[Babel-users] [babel] HMAC routerid->key mappings?

Juliusz Chroboczek jch at irif.fr
Sat Dec 1 20:34:55 GMT 2018


> as keys (currently) protect each interface, not each router association...

Correct.  Babel uses both unicast and multicast, and Babel-HMAC is
designed so that it can protect multicast traffic while remaining immune
to replay, even in the absence of persistent state or hardware clocks.

> consider, instead a case where you are dropping a bunch of networks
> into an information interchange (call it "BIX"[1]), where a bunch of
> networks have agreed to interconnect, over a single "wire", much like
> how BGP network interchanges work today. Key exchange here, in the BGP
> world, is on a per-router, not per-interface, basis.

BGP is a unicast-only protocol, hence it can easily use per-peer keys.

> It is unwise to share one key with all interchangers. Co-ordinating a
> key rollover with that many different entities on that wire is hard.

> Using specific keys instead for each of the A-F, A-G, A-B, etc,
> associations limits the geometric growth and security vulnerabilities.
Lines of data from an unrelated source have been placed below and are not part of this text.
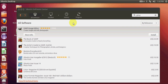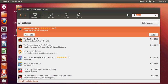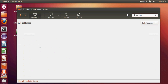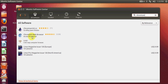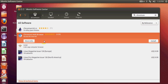By default, a fresh Ubuntu installation includes Firefox. But if you want another browser, you can search for Chromium, which is a Chrome-type browser. Just search for 'Chromium' and you'll find the Chromium web browser. I will also provide a link in the description on how to install the actual Google Chrome on your Ubuntu operating system.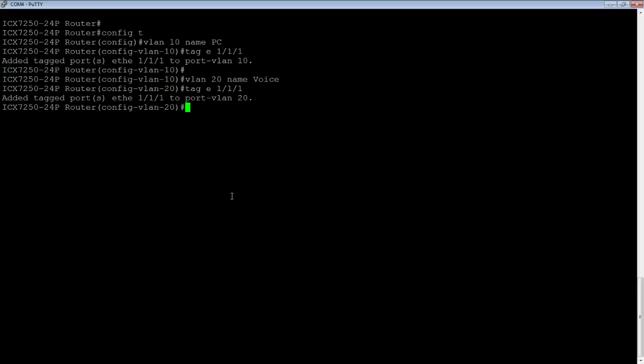So I just got done telling you that it's going to send tagged and untagged at the same time. However, in order to configure dual mode, we need to tag all of the VLANs and then the one VLAN that you want untagged, you're going to put into dual mode. So we've got our two VLANs created, we've tagged the interface out to the IP phone and the PC.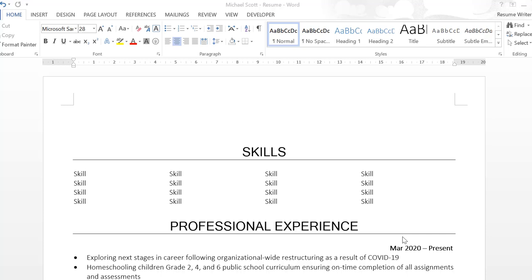You want to make it ridiculously easy because the second you make them work for it, they won't reach out. In this video, I'm going to break down a simple, easy, and effective way to display your contact information on your resume.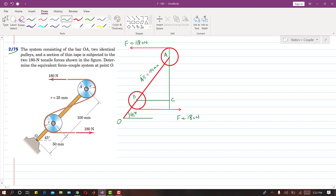To find the moment about point O due to these two forces: the two forces are producing a couple, and the perpendicular distance between them is distance XY, which we will call d. We need to find this d.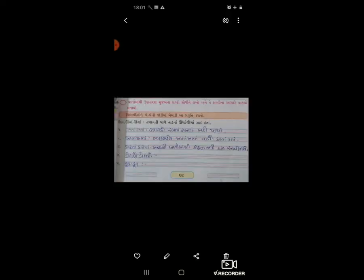નમસ્કાર વિદ્યાર્થી મિત્રો, ધોરણ ત્રણ, વિષય ગુજરાતી, પાઠ પાંચ - કોરો કાચબો, ભીનો ચાંદો, પાના નંબર ઓગ્ણ્ત્રીસ. વિદ્યાર્થી મિત્રો, અહીં આપણે વાર્તામાંથી શબ્દ શોધી અને શબ્દોના આધારે આપણે વાક્ય બનાવવાના છે.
The clean solution would be to use a bunch of point-to-point interfaces,
either by replacing your switch with direct router-to-router links, or by
putting up a bunch of VLANs or GRE tunnels.  Then you can use Babel-HMAC
unmodified.

> A) while we can append quite a few HMACs in a hello, at some point,
> when an interchange's hmacs grows past the size of a packet, we run
> out of space. What happens? Can we resend that hello with even more
> HMAC's attached, and win?

Sort of.  However, if there are any plaintext routers on the same link,
they will parse both packets.  I think that Babel should deal fairly well
with packet duplication, but I'm not sure.
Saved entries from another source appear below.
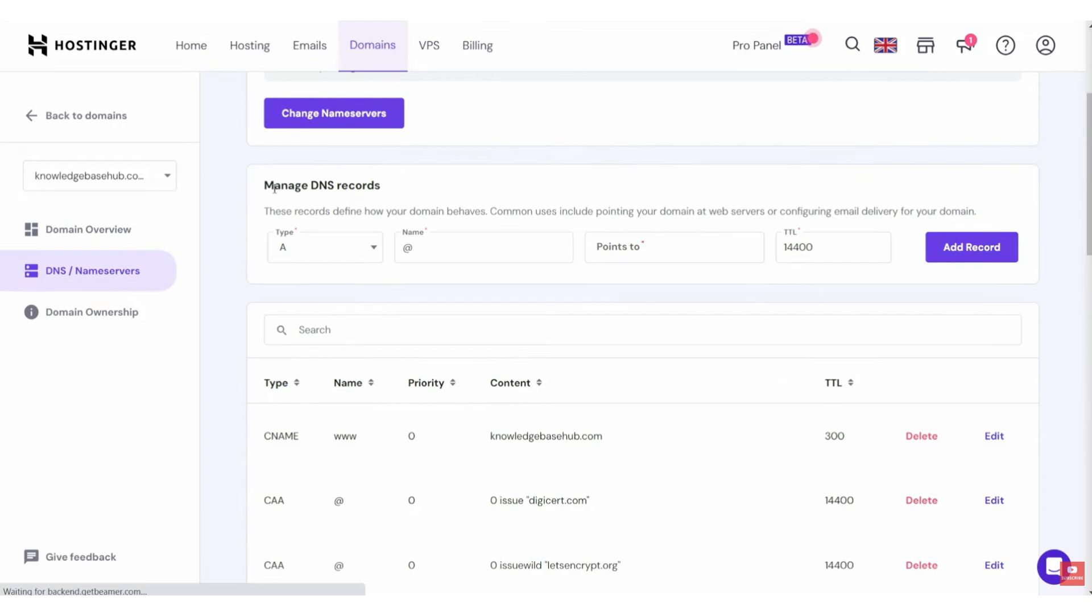You then need to go to the DNS slash name service settings, and then you want to go to Manage DNS records. After that, add this one record.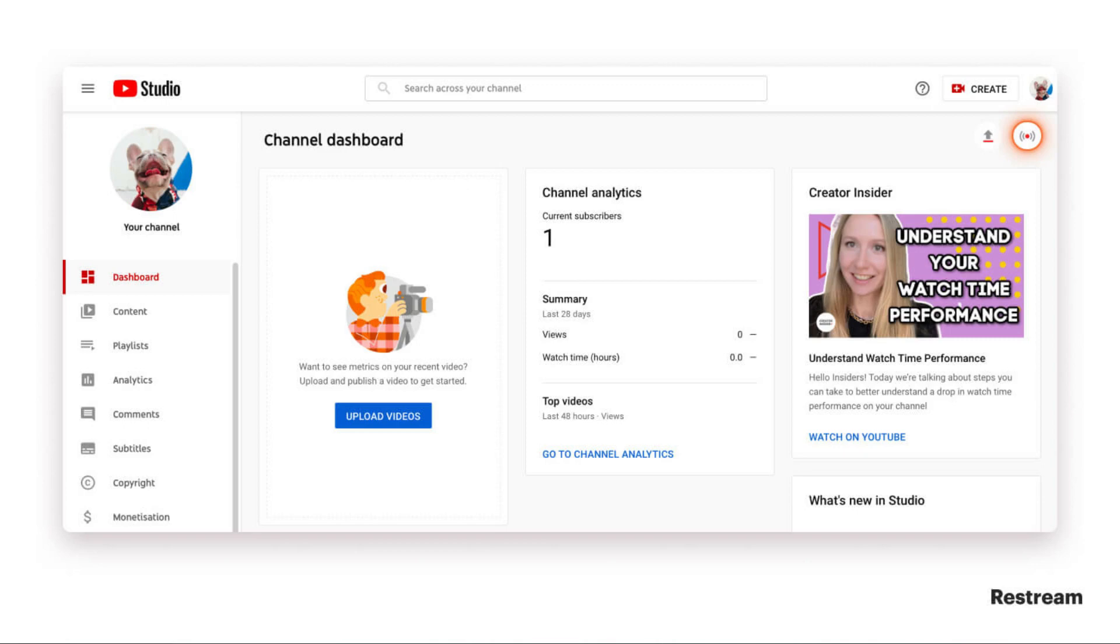Hello everyone. In this tutorial, I'm going to show you how to stream on TikTok and YouTube at the same time. First, you need to get stream keys from both platforms. Start by going to YouTube.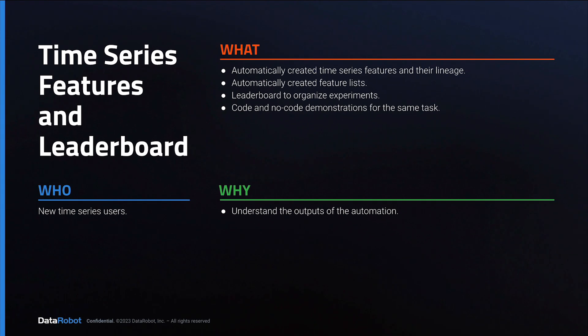In this video, we'll look at the results of the project automation, which is the key source of time savings for time series projects in DataRobot.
But at that point, you might as well use DTLS.

> So if the code (in addition to protecting interfaces) could also (or
> instead of interfaces) associate keys to routerids, we scale to this
> scenario.

I'm not going to do that, unless there are any good reasons why you don't
want to use DTLS in that case.

> 1) Use BGP instead at large interchanges

Yep.  If your routing tables are relatively stable, BGP is the right choice.

> 2) Use DTLS

Yep.  It supports per-peer keying out of the box.

> 3) Use a minimal number for all associations on an interface scaled to
> the max size of hello + ihu + hmacs

Not so keen on that -- while the protocol does in principle support
multiple HMACs, both the amount of overhead and the amount of computation
go up linearly with the number of HMACs.  It's really not designed for that.

Of course, you could envision using the unicast variant of the protocol
(the one that rejects all multicast packets except Hellos) and protect
unicast packets with HMAC instead of DTLS.  But at that point, you might
just as well use DTLS.

Quite frankly -- just use DTLS, or run HMAC over point-to-point links.